Loom.com: The $150K Domain Deal That Required Two Buyouts
In 2017, the video messaging company known as Opentest decided to rebrand with a name that captured their mission perfectly: Loom. The name symbolized "weaving" conversations together and had the potential to become a verb—"send me a loom." There was just one problem: most domains and social handles were already taken.
Building on @useloom
Despite the domain challenges, the team pressed forward, registering @useloom across social platforms. From 2017 through most of 2018, they built their brand on this handle, growing their user base and refining their product.
But as Loom's popularity grew, so did a serious problem. Another company also named Loom offered a different product in a different space. Both companies provided customer support. Both had active user bases.
The confusion was constant:
- Support tickets meant for video messaging Loom landed in the other Loom's inbox
- Customers complained about features that existed in the wrong product
- Sales calls started with "Wait, which Loom are you?"
- Brand recognition was being diluted across two different companies
Operating as "@useloom" was becoming a liability. Every confused customer was a lost opportunity. Every misdirected support ticket was wasted time. The brand collision wasn't just annoying—it was actively hurting the business.
The Quest for Loom.com
With fresh funding from their Series A round, Loom's leadership decided it was time to establish themselves as the definitive "Loom" in the market. They needed Loom.com.
The domain was owned by a public SaaS company that had acquired it through a previous acquisition and left it sitting idle. It wasn't being used, but it also wasn't cheap.
The First Negotiation
Loom opened negotiations with an offer of $50,000. The team knew this was a lowball—the domain's market value was estimated at over $400,000. But they figured it was worth a shot for an unused asset.
After some back-and-forth, the SaaS company surprised them by agreeing to sell for $75,000. It seemed like a done deal. A steal, even.
Then another startup entered the picture.
The Competing Offer
Just as Loom was preparing to close the deal, another startup expressed interest in Loom.com.
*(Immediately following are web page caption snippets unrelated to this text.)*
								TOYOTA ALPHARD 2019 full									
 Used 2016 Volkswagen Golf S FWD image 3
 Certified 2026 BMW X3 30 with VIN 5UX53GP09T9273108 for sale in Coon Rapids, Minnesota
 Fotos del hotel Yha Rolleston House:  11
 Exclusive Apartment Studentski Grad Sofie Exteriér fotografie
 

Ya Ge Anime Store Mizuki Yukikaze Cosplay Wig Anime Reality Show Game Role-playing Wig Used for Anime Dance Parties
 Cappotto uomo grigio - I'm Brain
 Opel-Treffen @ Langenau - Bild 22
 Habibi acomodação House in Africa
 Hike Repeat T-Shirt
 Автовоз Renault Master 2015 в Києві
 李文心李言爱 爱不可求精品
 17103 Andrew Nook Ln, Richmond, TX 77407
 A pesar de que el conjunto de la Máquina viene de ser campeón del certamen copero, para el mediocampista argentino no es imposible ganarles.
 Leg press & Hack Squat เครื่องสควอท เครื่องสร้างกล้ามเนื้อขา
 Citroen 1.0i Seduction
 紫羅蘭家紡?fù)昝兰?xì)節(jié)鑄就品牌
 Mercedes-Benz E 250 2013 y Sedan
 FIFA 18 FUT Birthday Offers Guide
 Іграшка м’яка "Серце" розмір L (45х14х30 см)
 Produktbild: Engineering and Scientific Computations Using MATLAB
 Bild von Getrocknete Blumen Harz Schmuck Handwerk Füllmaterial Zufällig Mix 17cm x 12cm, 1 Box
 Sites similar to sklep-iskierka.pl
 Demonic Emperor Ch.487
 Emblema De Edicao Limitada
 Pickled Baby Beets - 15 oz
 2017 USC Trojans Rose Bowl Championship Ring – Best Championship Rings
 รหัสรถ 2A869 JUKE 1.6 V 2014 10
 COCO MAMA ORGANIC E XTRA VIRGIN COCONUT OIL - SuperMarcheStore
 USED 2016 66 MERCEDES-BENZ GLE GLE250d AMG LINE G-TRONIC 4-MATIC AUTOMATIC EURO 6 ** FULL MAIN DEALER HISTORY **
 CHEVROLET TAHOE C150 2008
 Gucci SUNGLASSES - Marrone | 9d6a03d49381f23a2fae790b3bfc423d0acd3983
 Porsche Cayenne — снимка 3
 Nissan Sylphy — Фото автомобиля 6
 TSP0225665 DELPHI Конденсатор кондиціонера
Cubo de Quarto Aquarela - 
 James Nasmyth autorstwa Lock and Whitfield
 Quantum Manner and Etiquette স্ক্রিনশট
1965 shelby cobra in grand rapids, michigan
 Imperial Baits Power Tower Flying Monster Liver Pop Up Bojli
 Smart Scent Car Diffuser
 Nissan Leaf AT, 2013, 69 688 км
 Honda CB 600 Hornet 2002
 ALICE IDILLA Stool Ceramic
And they weren't messing around—they were prepared to offer up to $500,000 for the domain.
For the SaaS company holding the domain, this was a windfall. Why sell for $75,000 when someone else will pay nearly 7x more?
For Loom, it was a nightmare scenario. They'd just raised their Series A. They'd spent months negotiating. They'd gotten an incredible deal at $75,000. And now a competitor with deeper pockets was about to snatch it away.
Losing the domain meant:
- Continuing as "@useloom" indefinitely
- Never solving the brand confusion problem
- Always being the "other Loom" in customer conversations
- Potentially years of explaining which Loom you meant
After all their growth, after building a product thousands of people loved, they were about to be outbid for the domain that matched their name. It was crushing.
The Creative Solution
Rather than get into a bidding war they couldn't win, Loom's team made a bold move: they reached out directly to the competing startup's CEO.
The pitch was simple but effective. Loom offered to pay the competing startup $75,000 upfront to cover their rebranding costs if they would withdraw from the negotiation. Essentially, Loom was willing to pay both parties to make the deal happen.
The competing CEO agreed. For $75,000, they'd walk away and rebrand to something else. That money would cover new domains, new marketing materials, and whatever else they needed to pivot.
The Final Deal
In the end, Loom paid:
- $75,000 to the SaaS company for the domain
- $75,000 to the competing startup to withdraw
- Total: $150,000
It was still a fraction of the domain's $400,000 appraised value, and far less than the $500,000 the other startup was prepared to pay. More importantly, it solved the brand confusion problem once and for all.
The Aftermath
With Loom.com secured, the company could finally consolidate their brand identity. No more @useloom. No more customer confusion. Just Loom.
The transition was immediate and transformative. Support tickets went to the right place. Sales conversations started with clarity. The brand finally had room to breathe and grow without competing with another Loom.
Within three years, Loom became one of the fastest-growing video messaging platforms in the world. By 2021, they'd built a product used by millions of people and thousands of companies.
That year, Atlassian acquired Loom for $975 million.
The $150,000 spent on the domain in 2018 represented 0.015% of that acquisition price. But without Loom.com, would they have been able to build the same brand recognition? Would the name "Loom" have become a verb without owning the .com?
The domain wasn't just a URL. It was the foundation that allowed everything else to scale.
Loom's team found a way to satisfy all parties through creative negotiation: the domain owner got their money, the competing startup got funded to rebrand, and Loom got the domain they needed to build what would become a $975 million company.